Problem to work on =>
Give the listing again exactly, omitting its images.

[Data shown Boundary: Start]

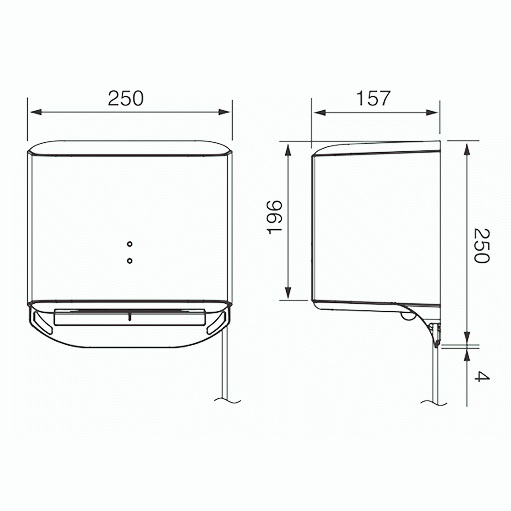 Bản vẽ máy sấy tay FJ-T09B3 Panasonic 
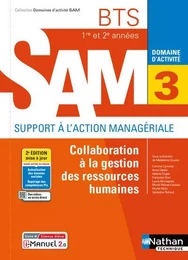 Collaboration à la gestion des RH - BTS SAM 1e/2e années (DOM ACT SAM) Livre + licence élève 2021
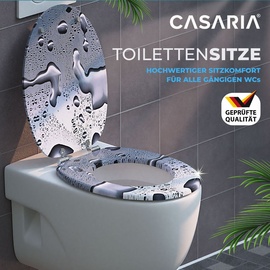 CASARIA Toilettensitz Waterdrops mit Absenkautomatik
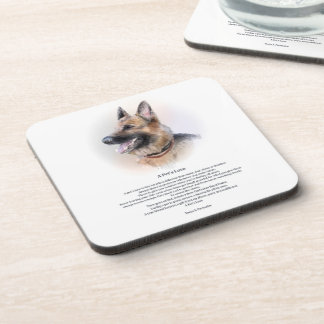 A Pet's Love Poetry Collector Drink Coaster
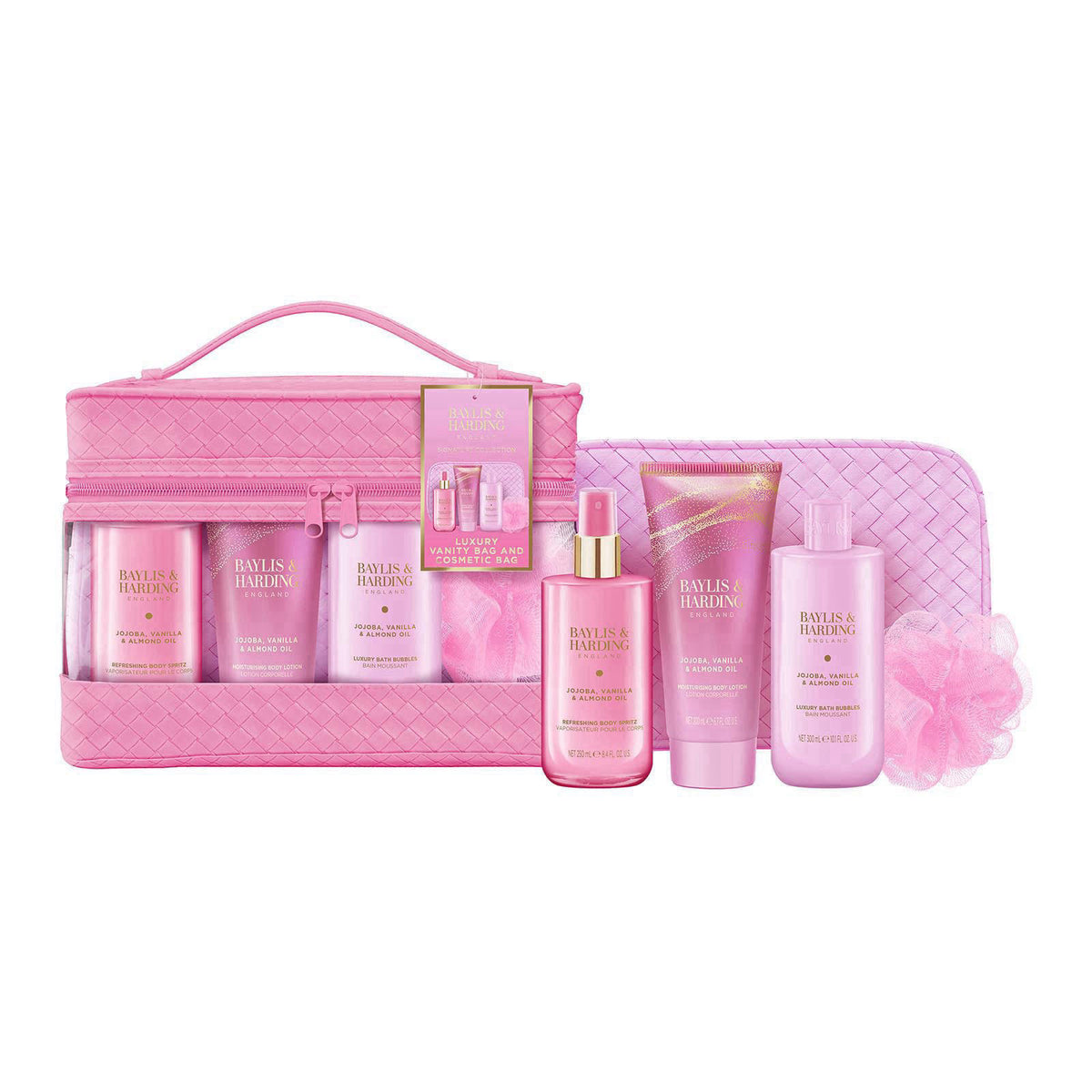 Baylis & Harding Signature Luxury Vanity Bag, Gift Set for Women – product photo (Gift Sets)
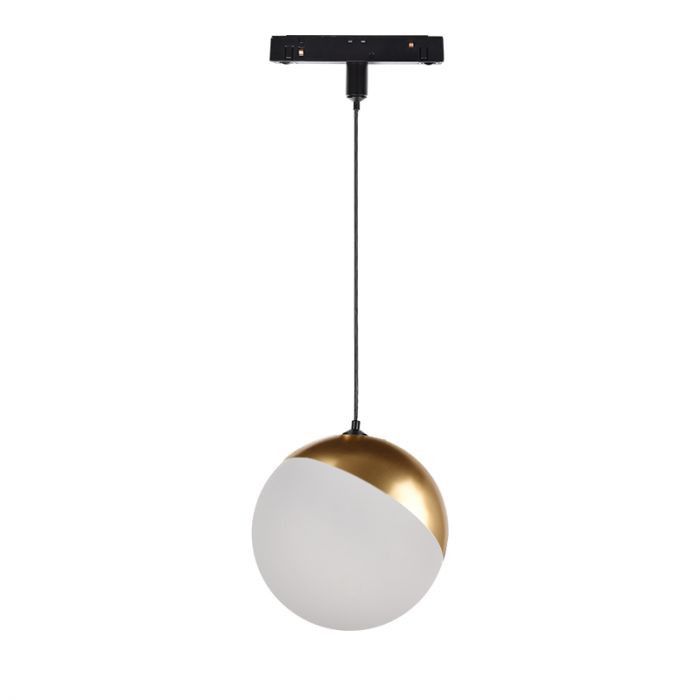 Lampa wisząca Abigali Magento złota wym: 180 x 10 x 10 cm wbudowany LED 1 szt.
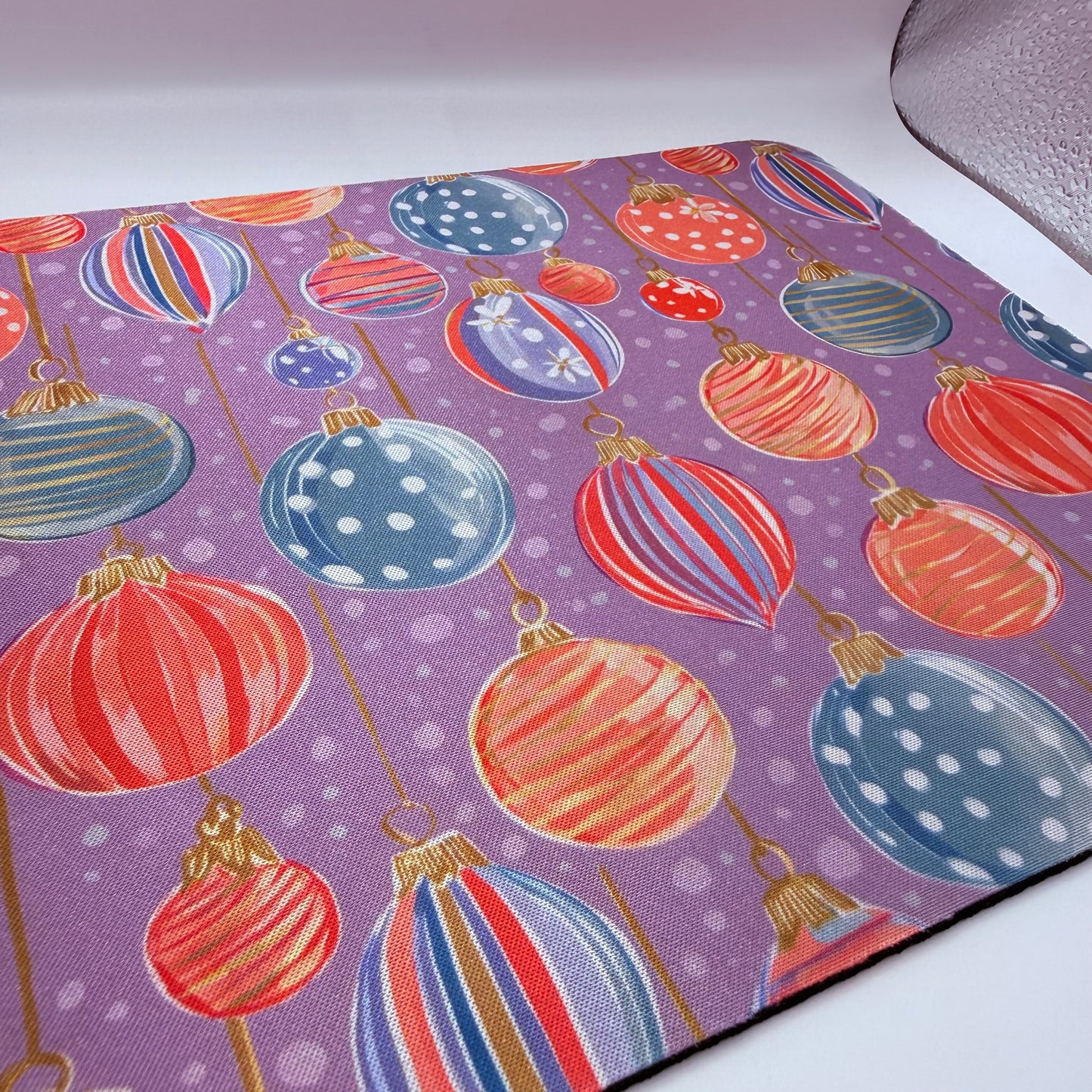 Ornaments Holiday Mouse Pad – Festive Christmas Desk Decor
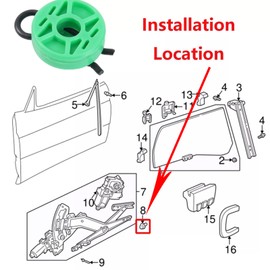 4pcs Front or Rear Power Window Regulator Roller Retainers for Saab 9-3 9-5 900 for Volvo 850 S70 V70 OE 59152606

[Data shown Boundary: End]

Your response =>
 Bản vẽ máy sấy tay FJ-T09B3 Panasonic 
 Collaboration à la gestion des RH - BTS SAM 1e/2e années (DOM ACT SAM) Livre + licence élève 2021
 CASARIA Toilettensitz Waterdrops mit Absenkautomatik
 A Pet's Love Poetry Collector Drink Coaster
 Baylis & Harding Signature Luxury Vanity Bag, Gift Set for Women – product photo (Gift Sets)
 Lampa wisząca Abigali Magento złota wym: 180 x 10 x 10 cm wbudowany LED 1 szt.
 Ornaments Holiday Mouse Pad – Festive Christmas Desk Decor
 4pcs Front or Rear Power Window Regulator Roller Retainers for Saab 9-3 9-5 900 for Volvo 850 S70 V70 OE 59152606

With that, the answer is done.